For the first and last time, here is a purely political entry to mark the results of the general election. It looks like it will be a Fine Gael (FG)/Labour coalition with FG firmly in the driving seat, able to balance demands from Labour with the possibility of going elsewhere, particularly to independents, for coalition partners. In Irish terms where there hasn’t been a majority government since 1977-1981 when Jack Lynch’s Fianna Fail (FF) party held 84 seats in the then 148-member Dail. A coalition today was always the likely outcome, even if some FG members dreamt of a single party majority.
The election has been historic in the sense that the party at the centre of Irish politics since being founded in 1926 is today relegated to third position with Sinn Fein snapping at its heels and the Green party has not a single member elected. The country has certainly reconnected with politics.
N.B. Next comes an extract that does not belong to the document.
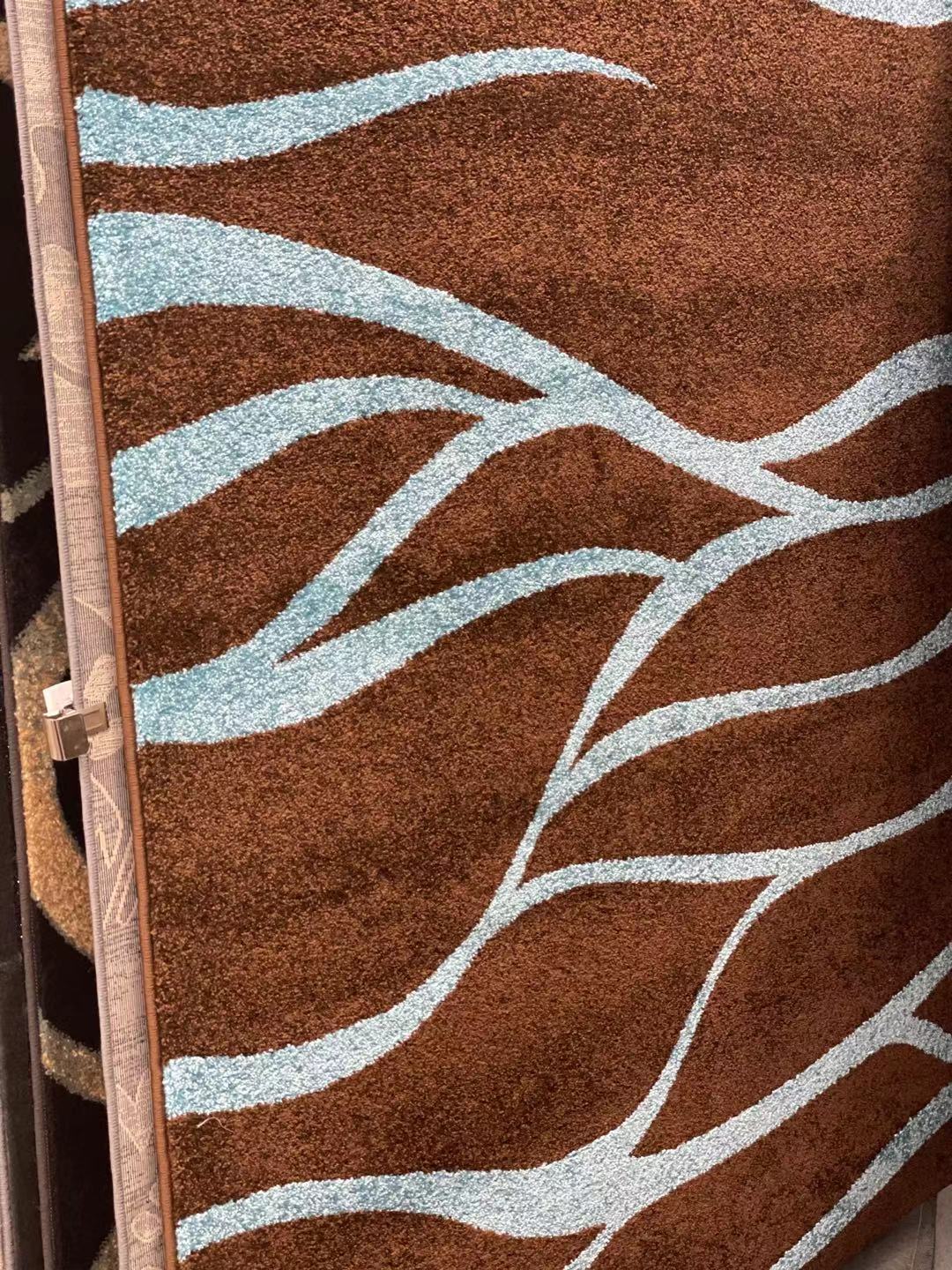 MerinosMR - Luxury Brown/Blue Rectangular Area Rug - 5x8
Consider the statistics – 533 candidates in an electorate of 3.2m (the population of the State has most recently been put at 4.47m) competing for 166 seats (technically 165 seats as the speaker of the Dail, Seamus Kirk was automatically re-elected). The turnout was 70.1% (up from 67.03% in 2007) and one in every 6,000 in the electorate was standing as a candidate. Compare that with our neighbours who held an election in the UK in May 2010 – 4,150 candidates, voting population of 44m, 649 constituencies and a turnout of 65.1% with one in 10,600 standing for election. Politicians here remarked at how engaged the electorate were on the doorsteps with elderly farmers apparently versed in the language of international bond markets – there might have been an element of plámás to this but you would have to go back to the 1950s to find a time when domestic political decisions have affected the everyday lives of people’s finances to the same extent as today. Back then it was protectionism and isolationism that hurt the country and it was political leadership that helped the country get back on its feet. The 1970s oil shocks and the early 1980s global recession were largely outside factors whose solutions dwarfed the talents of domestic politicians and were arguably resolved by external factors.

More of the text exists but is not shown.